■ Task prompt
Every record below needs to be written out exactly, apart from the pictures.

■ Entries shown
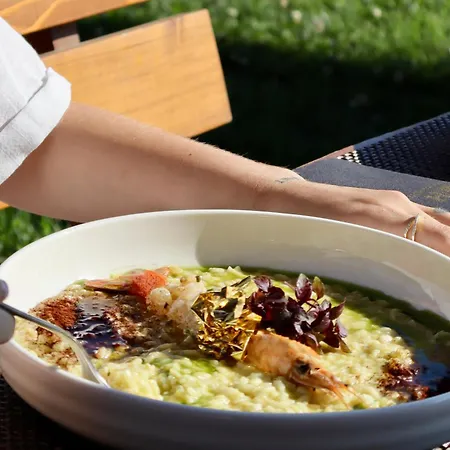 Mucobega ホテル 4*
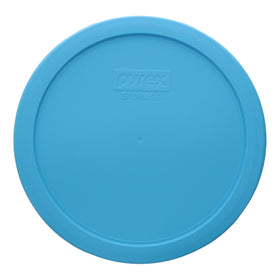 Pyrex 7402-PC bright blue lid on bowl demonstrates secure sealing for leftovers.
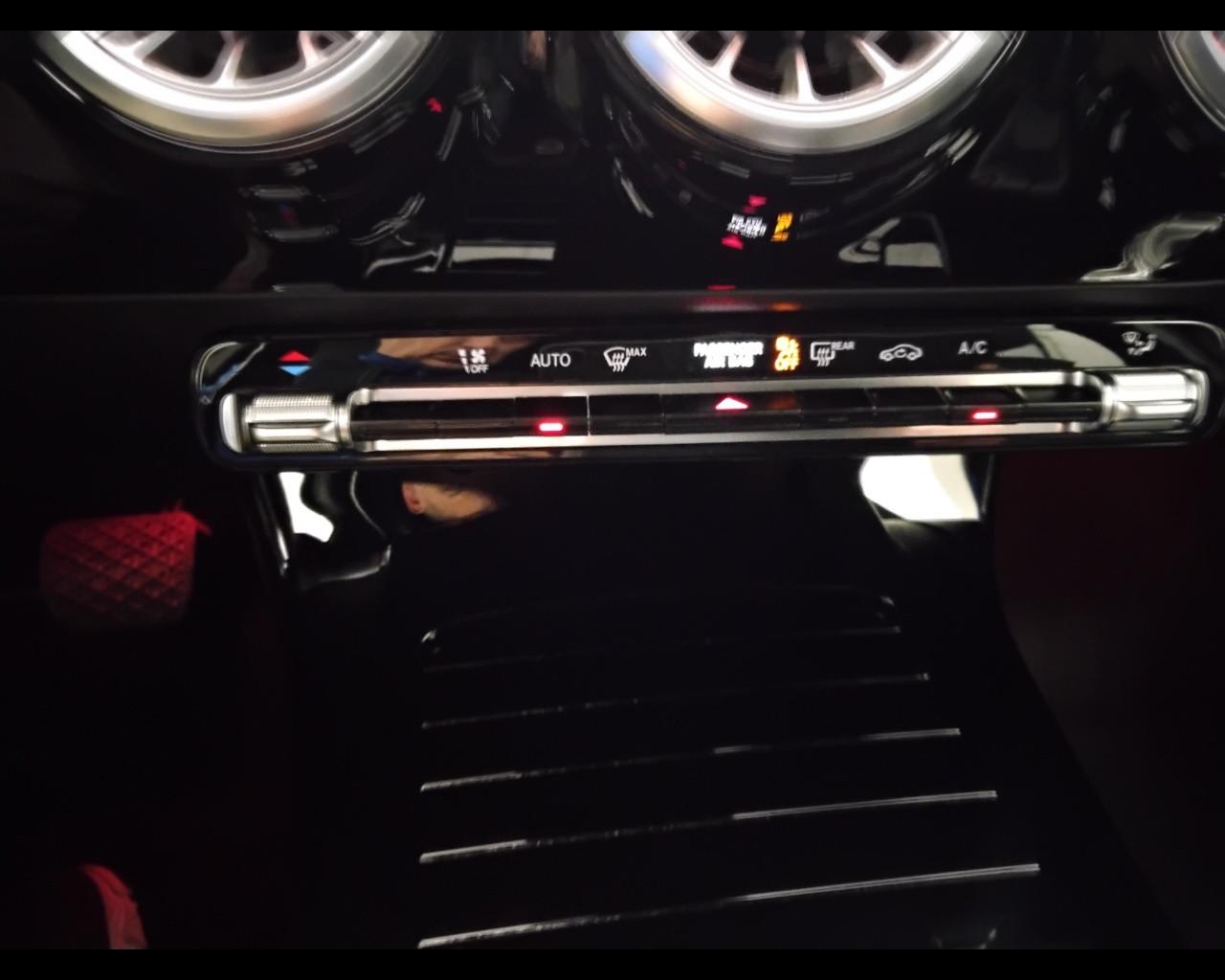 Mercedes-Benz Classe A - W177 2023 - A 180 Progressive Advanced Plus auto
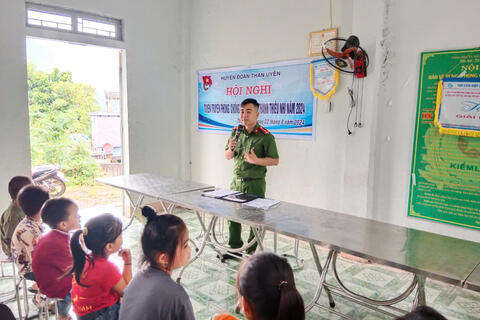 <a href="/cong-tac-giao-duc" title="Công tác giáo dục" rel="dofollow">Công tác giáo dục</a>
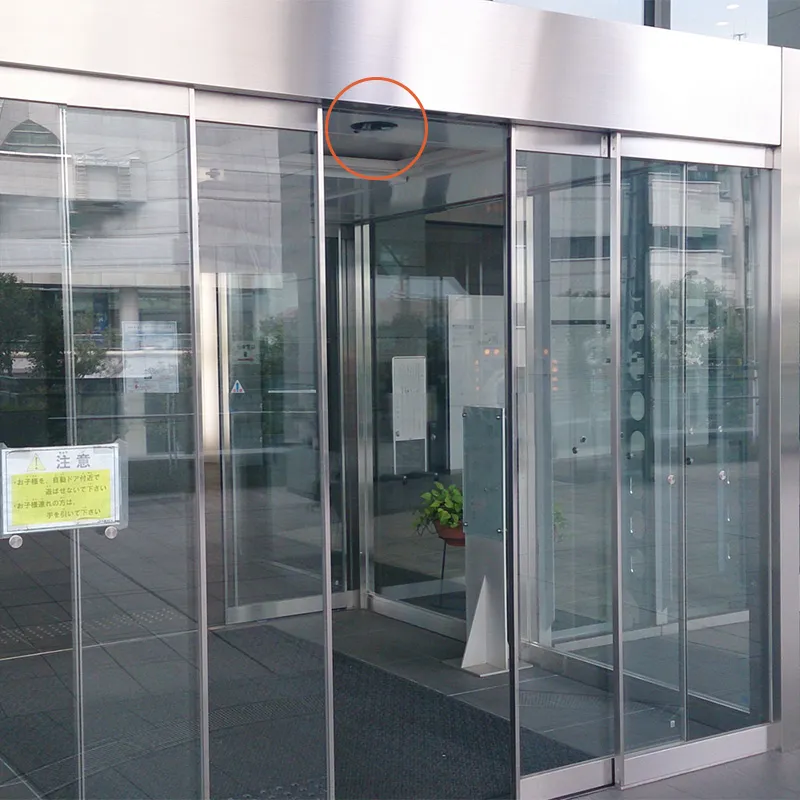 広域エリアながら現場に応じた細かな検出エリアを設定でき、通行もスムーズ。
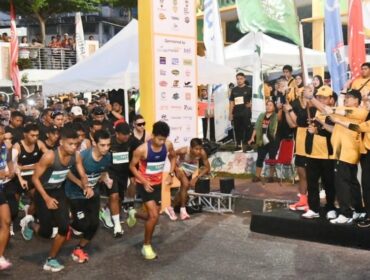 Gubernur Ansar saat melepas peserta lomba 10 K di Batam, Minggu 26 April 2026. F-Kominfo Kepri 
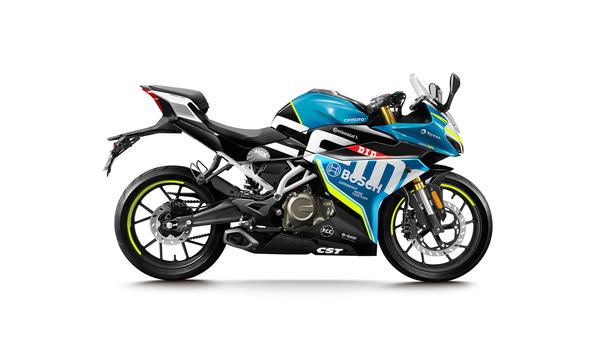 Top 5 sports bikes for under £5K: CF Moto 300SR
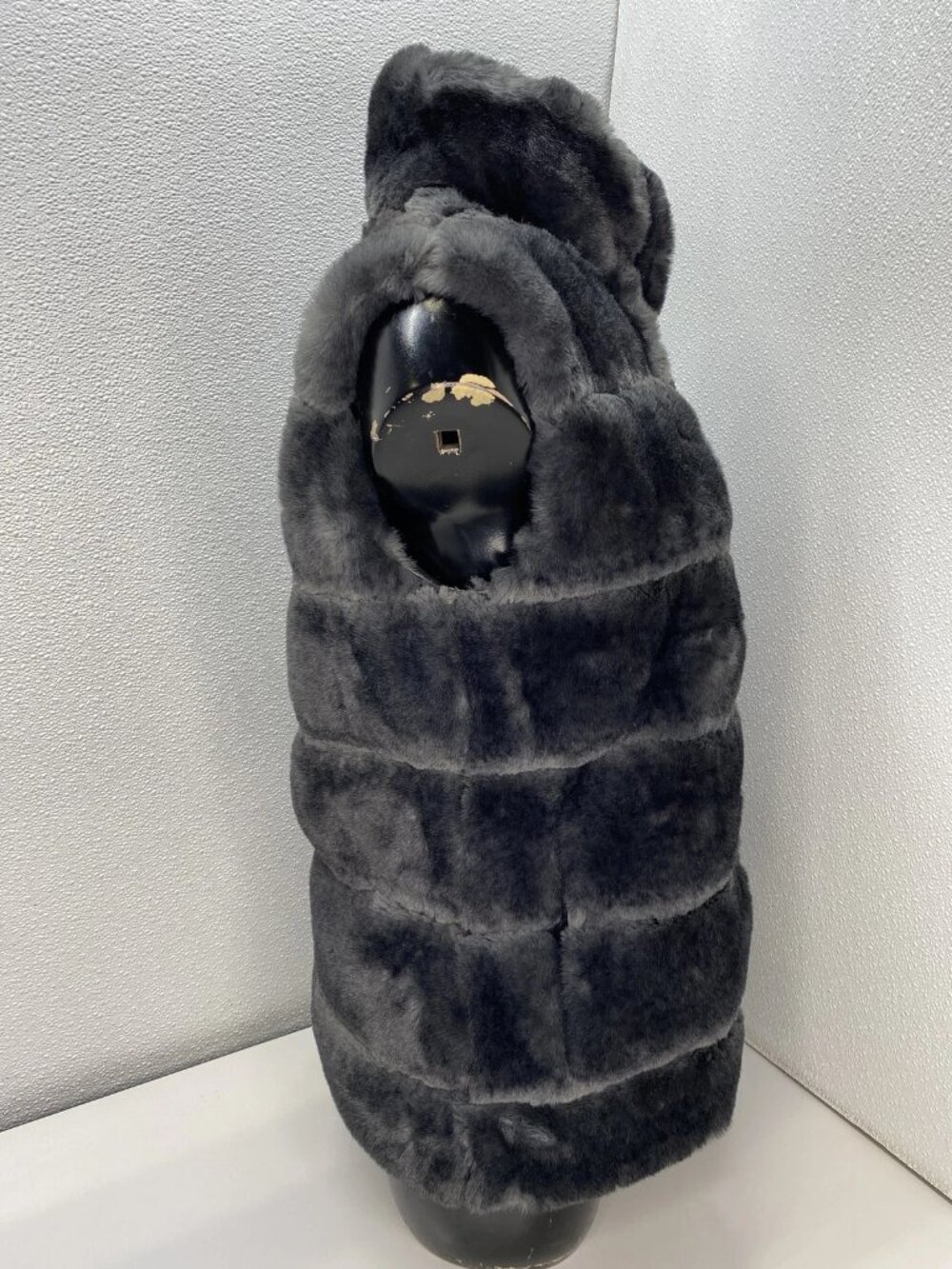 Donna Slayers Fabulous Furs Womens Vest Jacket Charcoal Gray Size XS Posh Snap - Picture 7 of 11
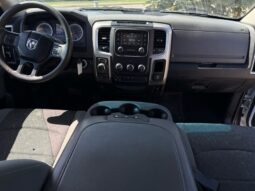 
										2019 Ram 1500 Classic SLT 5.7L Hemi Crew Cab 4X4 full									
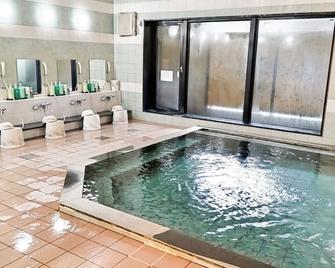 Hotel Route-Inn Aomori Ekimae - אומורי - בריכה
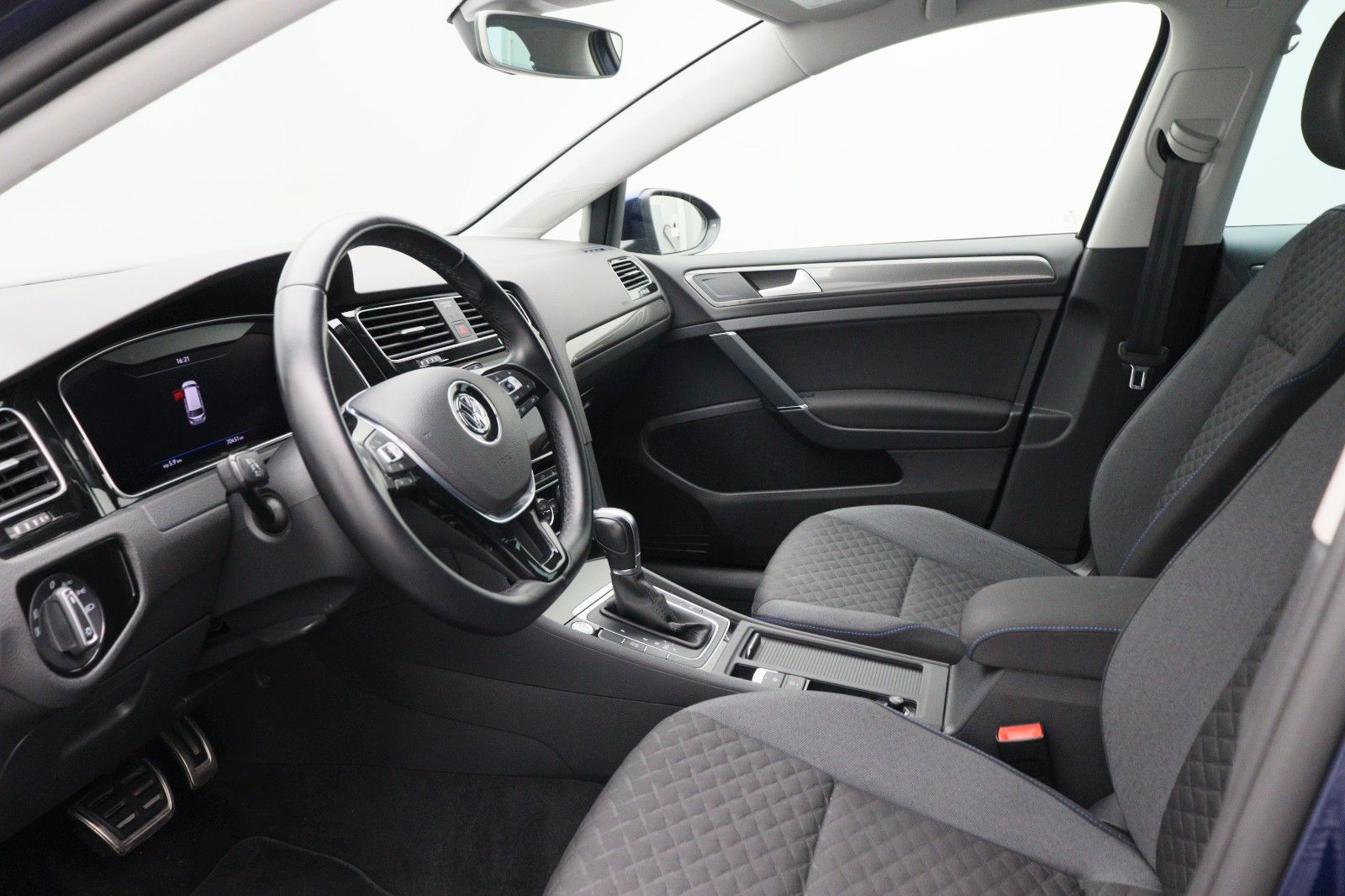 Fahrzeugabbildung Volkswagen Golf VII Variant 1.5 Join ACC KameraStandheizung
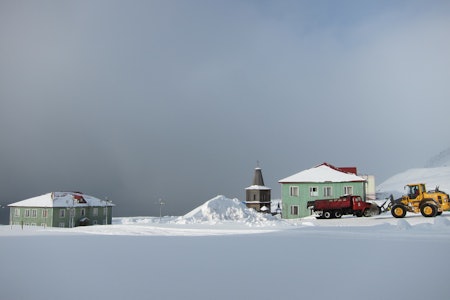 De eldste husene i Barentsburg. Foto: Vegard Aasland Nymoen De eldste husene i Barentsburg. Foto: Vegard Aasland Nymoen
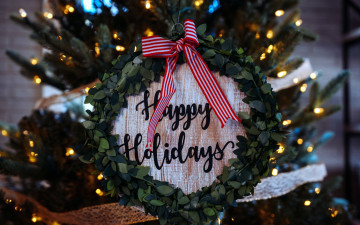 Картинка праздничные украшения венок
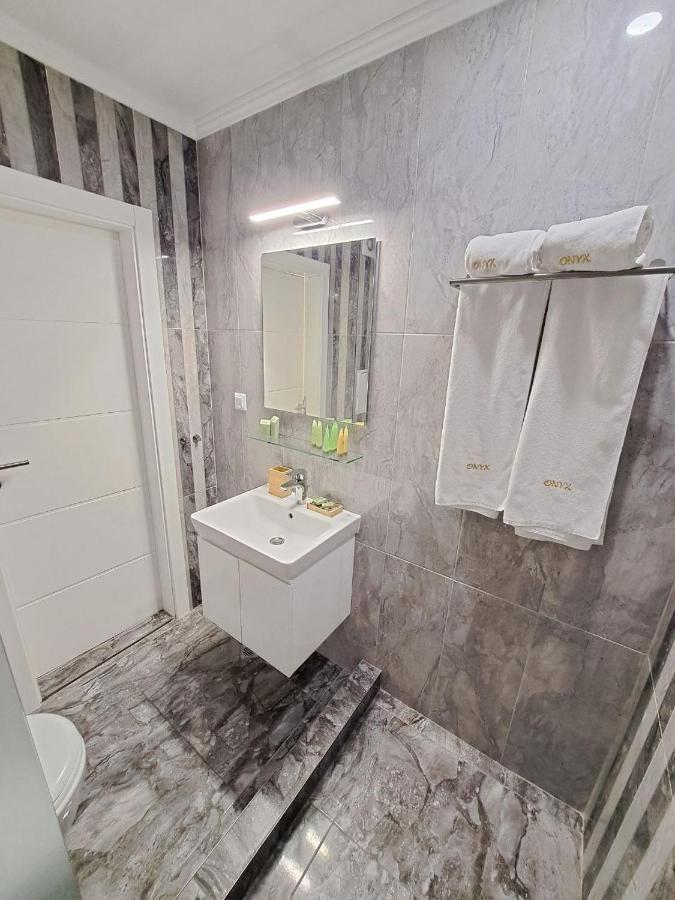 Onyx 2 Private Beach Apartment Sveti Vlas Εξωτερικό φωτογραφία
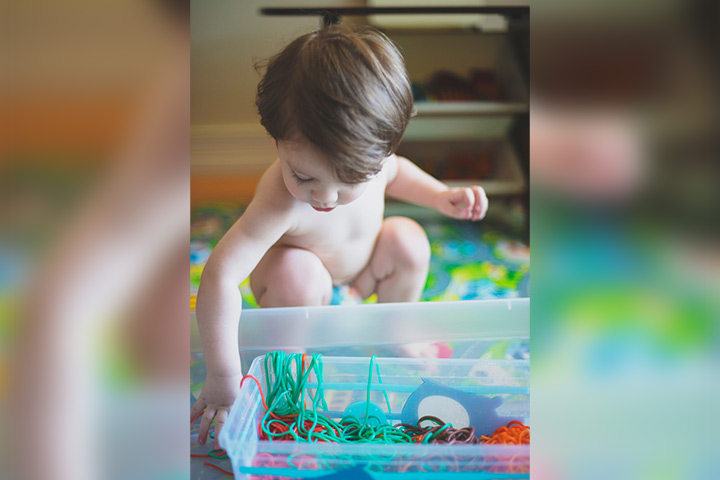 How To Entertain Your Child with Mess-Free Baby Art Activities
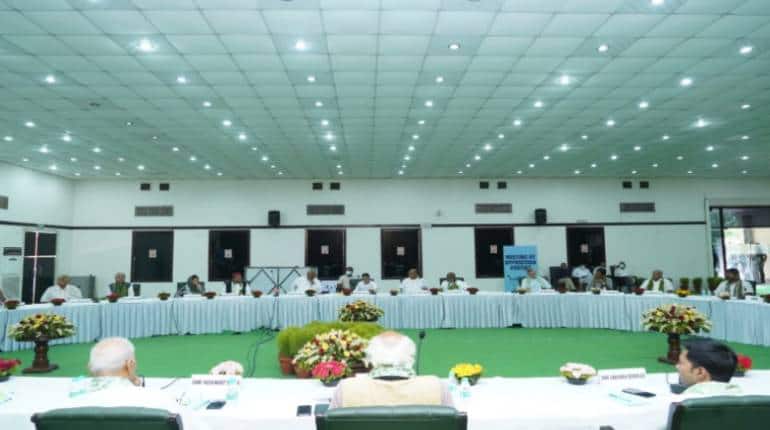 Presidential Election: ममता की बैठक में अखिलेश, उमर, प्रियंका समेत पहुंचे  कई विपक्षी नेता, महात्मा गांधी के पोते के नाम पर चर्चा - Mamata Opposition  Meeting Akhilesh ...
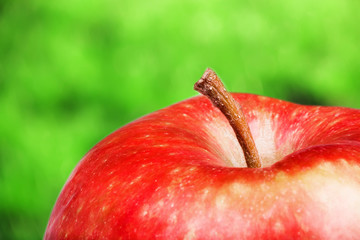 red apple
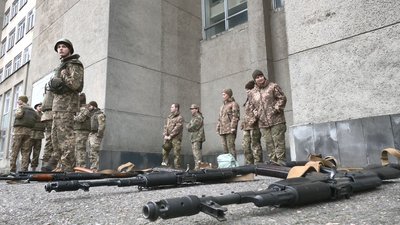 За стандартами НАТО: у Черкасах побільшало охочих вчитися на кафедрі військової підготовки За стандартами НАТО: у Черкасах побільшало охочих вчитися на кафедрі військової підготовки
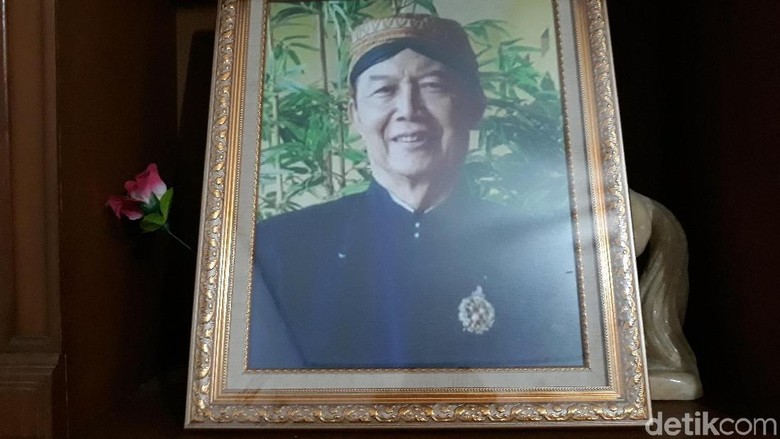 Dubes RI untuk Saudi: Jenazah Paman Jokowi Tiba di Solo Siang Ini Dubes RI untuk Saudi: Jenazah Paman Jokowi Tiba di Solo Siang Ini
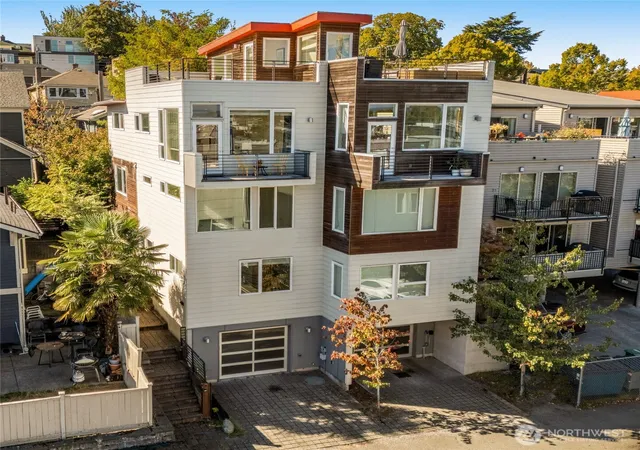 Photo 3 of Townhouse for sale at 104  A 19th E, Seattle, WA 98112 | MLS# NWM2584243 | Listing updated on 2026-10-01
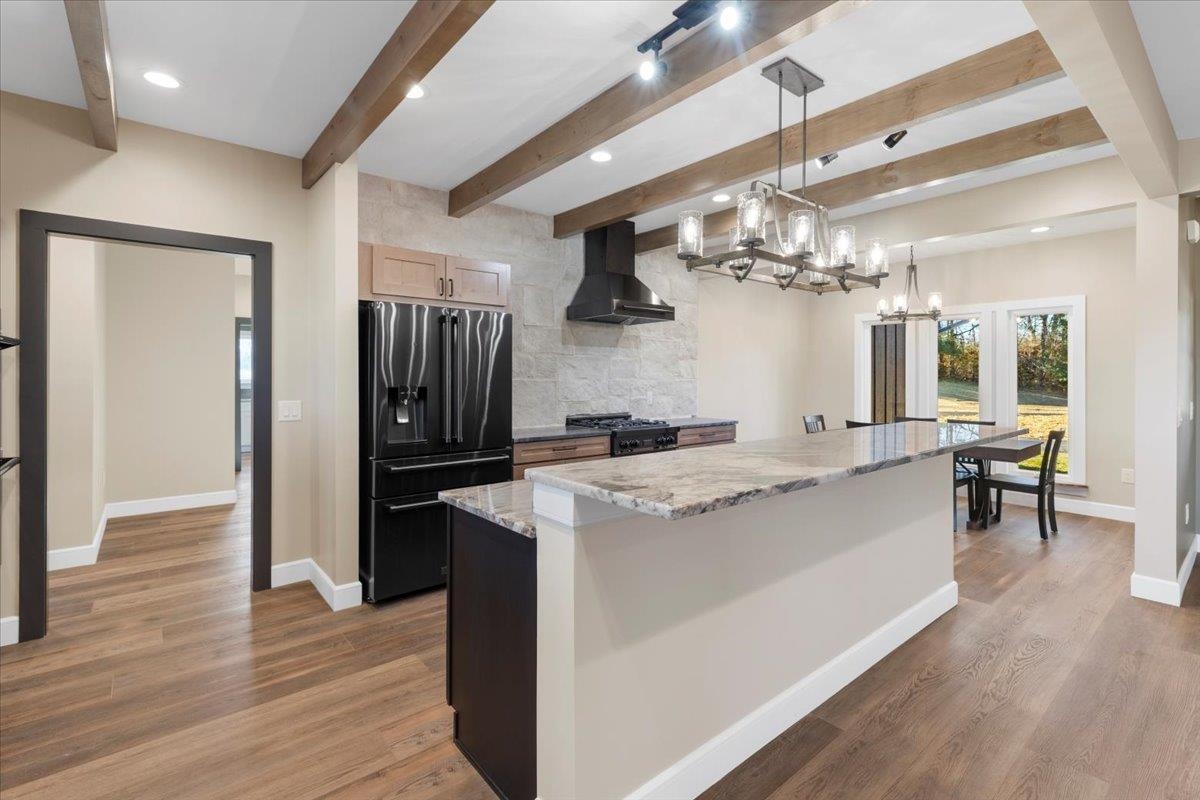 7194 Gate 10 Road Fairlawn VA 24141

■ Task result
 Mucobega ホテル 4*
 Pyrex 7402-PC bright blue lid on bowl demonstrates secure sealing for leftovers.
 Mercedes-Benz Classe A - W177 2023 - A 180 Progressive Advanced Plus auto
 <a href="/cong-tac-giao-duc" title="Công tác giáo dục" rel="dofollow">Công tác giáo dục</a>
 広域エリアながら現場に応じた細かな検出エリアを設定でき、通行もスムーズ。
 Gubernur Ansar saat melepas peserta lomba 10 K di Batam, Minggu 26 April 2026. F-Kominfo Kepri 
 Top 5 sports bikes for under £5K: CF Moto 300SR
 Donna Slayers Fabulous Furs Womens Vest Jacket Charcoal Gray Size XS Posh Snap - Picture 7 of 11
										2019 Ram 1500 Classic SLT 5.7L Hemi Crew Cab 4X4 full									
 Hotel Route-Inn Aomori Ekimae - אומורי - בריכה
 Fahrzeugabbildung Volkswagen Golf VII Variant 1.5 Join ACC KameraStandheizung
 De eldste husene i Barentsburg. Foto: Vegard Aasland Nymoen De eldste husene i Barentsburg. Foto: Vegard Aasland Nymoen
 Картинка праздничные украшения венок
 Onyx 2 Private Beach Apartment Sveti Vlas Εξωτερικό φωτογραφία
 How To Entertain Your Child with Mess-Free Baby Art Activities
 Presidential Election: ममता की बैठक में अखिलेश, उमर, प्रियंका समेत पहुंचे  कई विपक्षी नेता, महात्मा गांधी के पोते के नाम पर चर्चा - Mamata Opposition  Meeting Akhilesh ...
 red apple
 За стандартами НАТО: у Черкасах побільшало охочих вчитися на кафедрі військової підготовки За стандартами НАТО: у Черкасах побільшало охочих вчитися на кафедрі військової підготовки
 Dubes RI untuk Saudi: Jenazah Paman Jokowi Tiba di Solo Siang Ini Dubes RI untuk Saudi: Jenazah Paman Jokowi Tiba di Solo Siang Ini
 Photo 3 of Townhouse for sale at 104  A 19th E, Seattle, WA 98112 | MLS# NWM2584243 | Listing updated on 2026-10-01
 7194 Gate 10 Road Fairlawn VA 24141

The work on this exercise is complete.